Sorry to hear about your loss Djinn.


----------



## stevey293 (Aug 16, 2011)

If it goes a couple of days over the deadline i'll set up the poll for him. Just keep on posting your entries in this thread.


----------



## stevey293 (Aug 16, 2011)

Ooops two posts beat me. Sorry to hear that buddie.


----------



## AG. (Sep 28, 2010)

So sorry about that djinn. Hugs.


----------



## normtheunsavoury (Mar 20, 2008)

All painted, photos taken.

Which email am I sending them to?


----------



## AG. (Sep 28, 2010)

Not gonna finish in time, silly work!


----------



## normtheunsavoury (Mar 20, 2008)

You've only got until midnight tonight to get your entries in, how's everyone getting on?


----------



## stevey293 (Aug 16, 2011)

here is mine.

lifes been bust not even been on here in ages so I've not managed to base it. TBH alot of it isnt finished.


----------



## normtheunsavoury (Mar 20, 2008)

Here's mine























































Sorry it's a bit pic heavy, there's a lot of it to show!

-edit-

having had a closer look at Stevey's Dread, I would just like to say (again)

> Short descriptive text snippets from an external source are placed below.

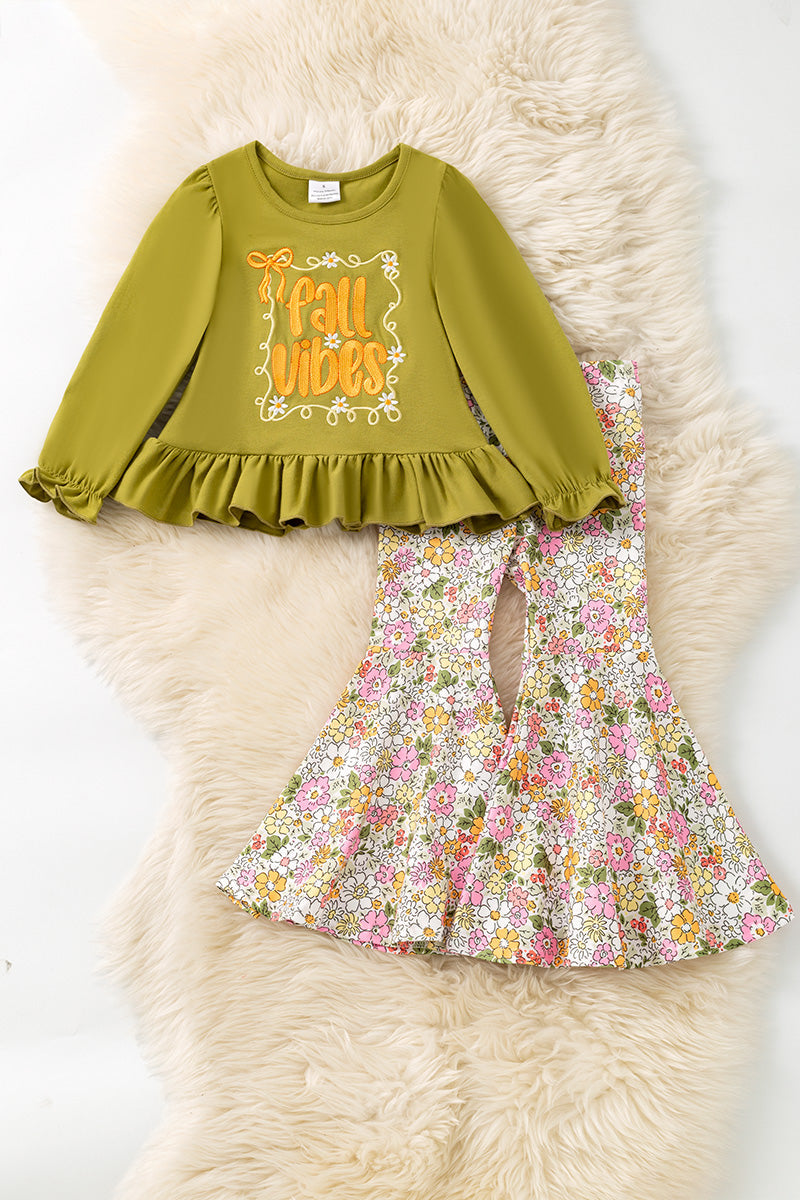 "Fall Vibes" Green embroidered top w/ruffle hem and floral bell bottoms. OFG61402 AMY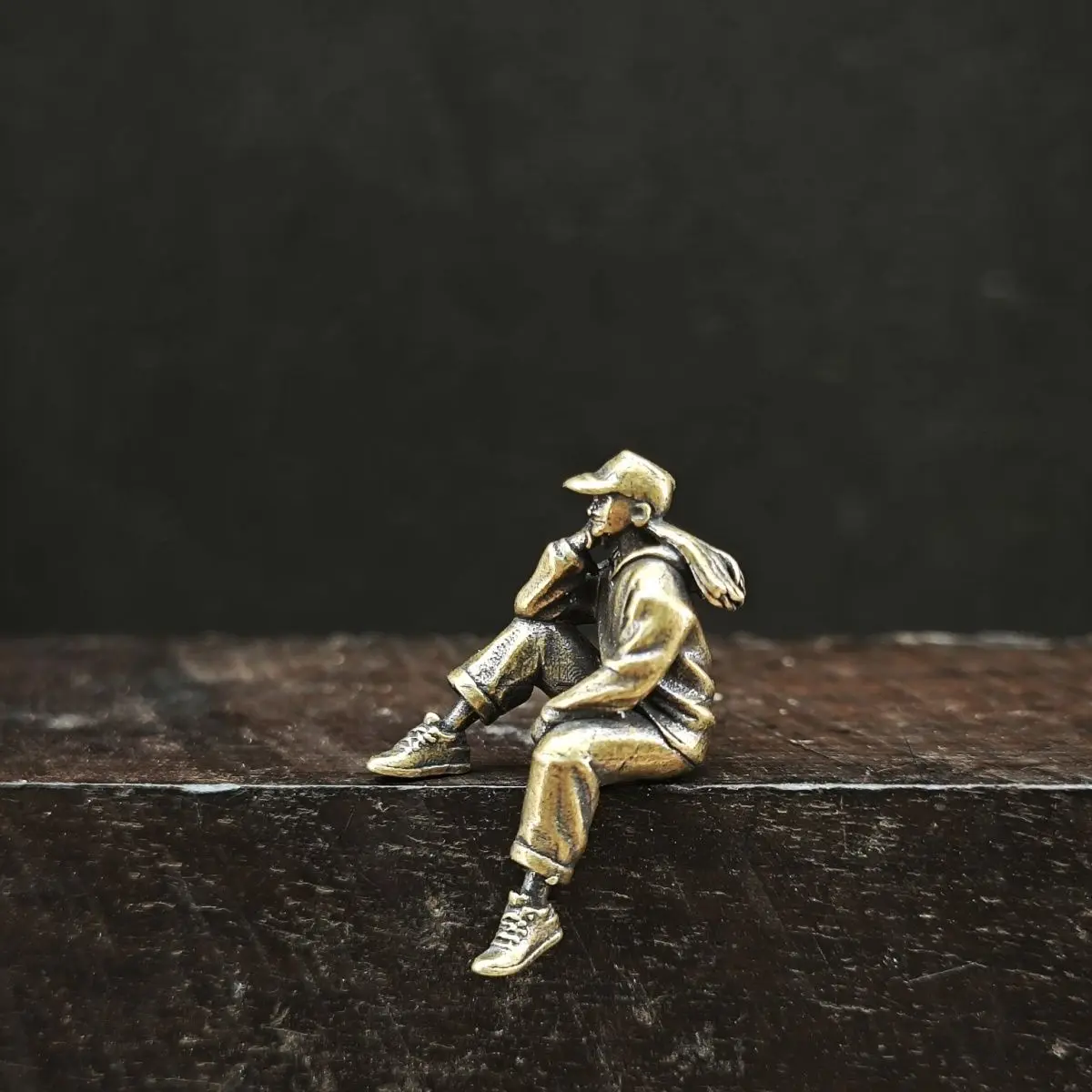 Brass Miniature Sitting Figure Poetic Home Decor MicroOrnament Tiny Sculpture Collector's Item Desk Shelf Decoration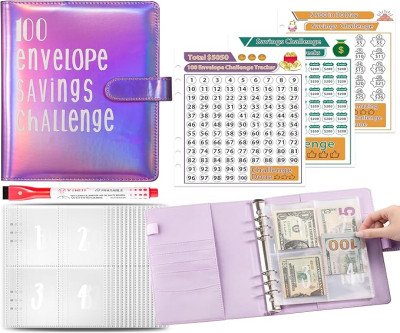 [100 Envelopes Budget Planner Binder] 2023 A5 Budget Planner Binder with 100 Cash Envelopes - Money Saving Challenge Notebook to Save $5,050, New Budget Book, Savings Challenges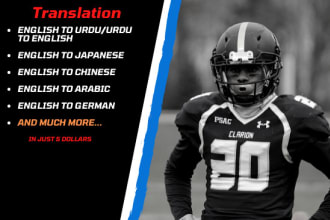do english to urdu,japanese,french, arabic,chinese translation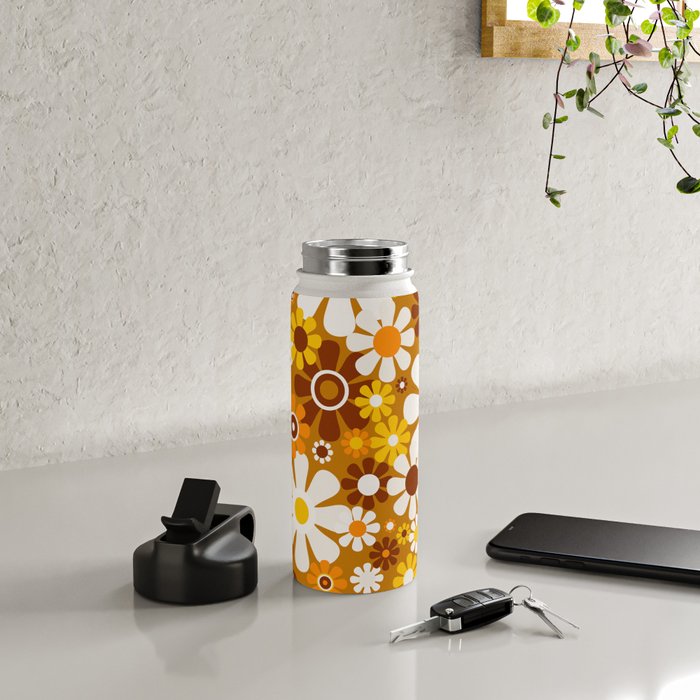 Retro Garden Flowers Groovy 60s 70s Floral Pattern Ochre Yellow Orange Brown Water Bottle Gallery Image 4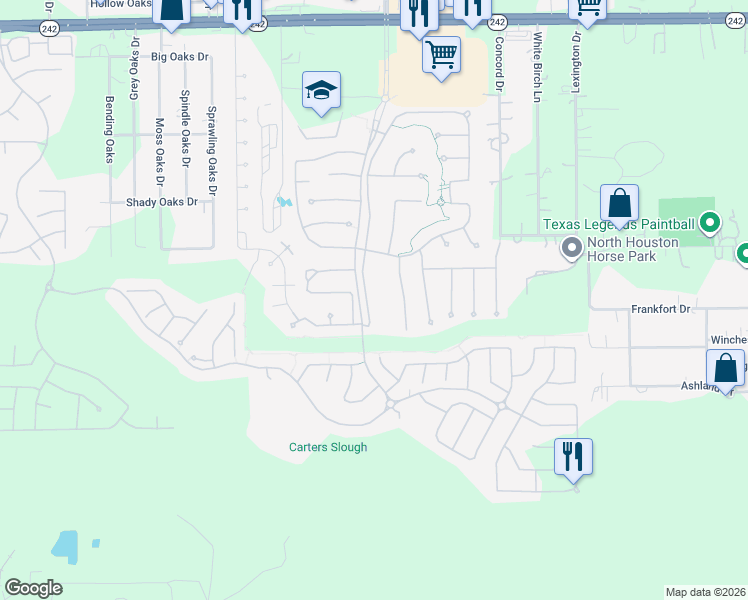 map of restaurants, bars, coffee shops, grocery stores, and more near 10637 Lake Palmetto Drive in Conroe
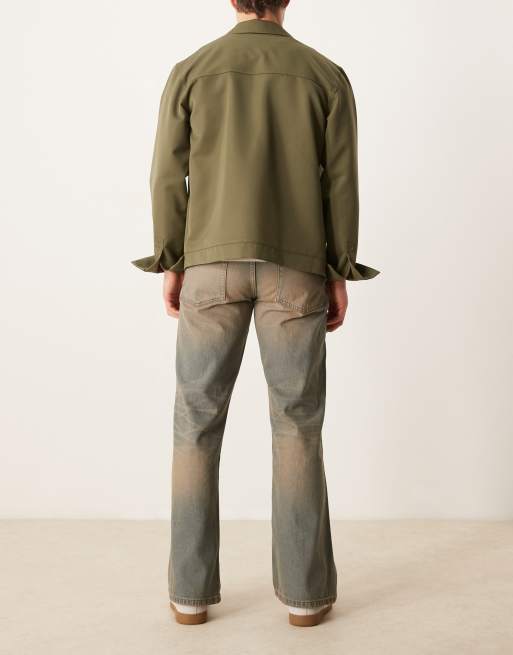 ASOS DESIGN wide flare jeans in brown tint, 3 of 5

I tried, but I think I know which way this is going!


----------



## Midge913 (Oct 21, 2010)

I really like your Grinder Norm!!!! The green skin could use maybe one more highlight, but I love the metallics and the lightning effect is sweet. Good work man!


----------



## normtheunsavoury (Mar 20, 2008)

I tried bring up the highlight on the skin but it made him look like green neon, not a bad effect but not the effect I was looking for. It's all a learning curve so I'll probably sit down with it again at some point in the future and try and bring up the highlights a bit more slowly.

Thanks for the comments!


----------



## stevey293 (Aug 16, 2011)

Should of shaded him down a wee bit. Or highlighted with mixed in kommando kaki.


----------



## GrimzagGorwazza (Aug 5, 2010)

Not gonna get done in time, sorry folks...real life is giving me too many deadlines of late.


----------



## Djinn24 (Jan 12, 2008)

Closes at midnight tonight (4.5 hour from this post). I will get the survey up tomorrow evening.


----------



## Djinn24 (Jan 12, 2008)

Is there any additional photos not posted in this thread? Someone emailed me some pics and I can not locate the email so please reemail them!


----------



## stevey293 (Aug 16, 2011)

Whens the voting thread go up?


----------



## Djinn24 (Jan 12, 2008)

Working on it now .


----------



## Djinn24 (Jan 12, 2008)

Stevey you realize you put two entries in and we only have two people who entered?


----------



## stevey293 (Aug 16, 2011)

The GUO was binned from it. Its the dreadnough im using.

Thought there was more tbh


----------



## normtheunsavoury (Mar 20, 2008)

Me too but hey ho, what can you do?


----------